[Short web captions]
Start of Block
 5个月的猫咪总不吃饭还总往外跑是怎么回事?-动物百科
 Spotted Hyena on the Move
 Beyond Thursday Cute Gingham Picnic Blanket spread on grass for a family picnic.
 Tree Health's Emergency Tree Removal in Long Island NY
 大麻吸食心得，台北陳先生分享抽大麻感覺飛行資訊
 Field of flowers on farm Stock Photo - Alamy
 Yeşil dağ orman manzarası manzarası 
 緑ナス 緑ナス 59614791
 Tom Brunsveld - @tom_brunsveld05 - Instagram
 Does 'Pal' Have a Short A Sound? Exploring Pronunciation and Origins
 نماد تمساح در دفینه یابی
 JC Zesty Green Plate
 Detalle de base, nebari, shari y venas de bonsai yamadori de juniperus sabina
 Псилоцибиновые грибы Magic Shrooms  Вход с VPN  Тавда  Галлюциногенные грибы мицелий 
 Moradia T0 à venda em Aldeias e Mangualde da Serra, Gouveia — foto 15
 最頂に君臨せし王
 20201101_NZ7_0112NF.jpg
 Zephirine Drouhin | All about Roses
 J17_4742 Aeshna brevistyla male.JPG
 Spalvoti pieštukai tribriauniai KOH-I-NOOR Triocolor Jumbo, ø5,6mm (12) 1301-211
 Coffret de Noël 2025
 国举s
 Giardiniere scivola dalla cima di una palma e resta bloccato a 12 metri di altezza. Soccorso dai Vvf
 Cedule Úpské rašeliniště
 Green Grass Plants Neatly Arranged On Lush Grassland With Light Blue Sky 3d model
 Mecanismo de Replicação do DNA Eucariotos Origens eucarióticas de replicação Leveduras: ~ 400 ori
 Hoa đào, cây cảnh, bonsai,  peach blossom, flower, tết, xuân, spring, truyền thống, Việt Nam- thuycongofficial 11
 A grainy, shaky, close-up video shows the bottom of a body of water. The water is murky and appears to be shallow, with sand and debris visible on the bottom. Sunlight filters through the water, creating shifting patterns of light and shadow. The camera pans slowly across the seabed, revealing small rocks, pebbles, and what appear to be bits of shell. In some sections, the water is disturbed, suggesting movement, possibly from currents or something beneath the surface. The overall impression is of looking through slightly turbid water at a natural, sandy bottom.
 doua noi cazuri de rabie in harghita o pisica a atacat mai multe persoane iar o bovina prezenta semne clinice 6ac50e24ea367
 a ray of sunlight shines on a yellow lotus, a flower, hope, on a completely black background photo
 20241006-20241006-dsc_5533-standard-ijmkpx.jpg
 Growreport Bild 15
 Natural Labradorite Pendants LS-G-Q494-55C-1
End of Block
→ **TASK INSTRUCTIONS**: Repeat what the records above say. Use their exact words.

→ **REPLY**:
 5个月的猫咪总不吃饭还总往外跑是怎么回事?-动物百科
 Spotted Hyena on the Move
 Beyond Thursday Cute Gingham Picnic Blanket spread on grass for a family picnic.
 Tree Health's Emergency Tree Removal in Long Island NY
 大麻吸食心得，台北陳先生分享抽大麻感覺飛行資訊
 Field of flowers on farm Stock Photo - Alamy
 Yeşil dağ orman manzarası manzarası 
 緑ナス 緑ナス 59614791
 Tom Brunsveld - @tom_brunsveld05 - Instagram
 Does 'Pal' Have a Short A Sound? Exploring Pronunciation and Origins
 نماد تمساح در دفینه یابی
 JC Zesty Green Plate
 Detalle de base, nebari, shari y venas de bonsai yamadori de juniperus sabina
 Псилоцибиновые грибы Magic Shrooms  Вход с VPN  Тавда  Галлюциногенные грибы мицелий 
 Moradia T0 à venda em Aldeias e Mangualde da Serra, Gouveia — foto 15
 最頂に君臨せし王
 20201101_NZ7_0112NF.jpg
 Zephirine Drouhin | All about Roses
 J17_4742 Aeshna brevistyla male.JPG
 Spalvoti pieštukai tribriauniai KOH-I-NOOR Triocolor Jumbo, ø5,6mm (12) 1301-211
 Coffret de Noël 2025
 国举s
 Giardiniere scivola dalla cima di una palma e resta bloccato a 12 metri di altezza. Soccorso dai Vvf
 Cedule Úpské rašeliniště
 Green Grass Plants Neatly Arranged On Lush Grassland With Light Blue Sky 3d model
 Mecanismo de Replicação do DNA Eucariotos Origens eucarióticas de replicação Leveduras: ~ 400 ori
 Hoa đào, cây cảnh, bonsai,  peach blossom, flower, tết, xuân, spring, truyền thống, Việt Nam- thuycongofficial 11
 A grainy, shaky, close-up video shows the bottom of a body of water. The water is murky and appears to be shallow, with sand and debris visible on the bottom. Sunlight filters through the water, creating shifting patterns of light and shadow. The camera pans slowly across the seabed, revealing small rocks, pebbles, and what appear to be bits of shell. In some sections, the water is disturbed, suggesting movement, possibly from currents or something beneath the surface. The overall impression is of looking through slightly turbid water at a natural, sandy bottom.
 doua noi cazuri de rabie in harghita o pisica a atacat mai multe persoane iar o bovina prezenta semne clinice 6ac50e24ea367
 a ray of sunlight shines on a yellow lotus, a flower, hope, on a completely black background photo
 20241006-20241006-dsc_5533-standard-ijmkpx.jpg
 Growreport Bild 15
 Natural Labradorite Pendants LS-G-Q494-55C-1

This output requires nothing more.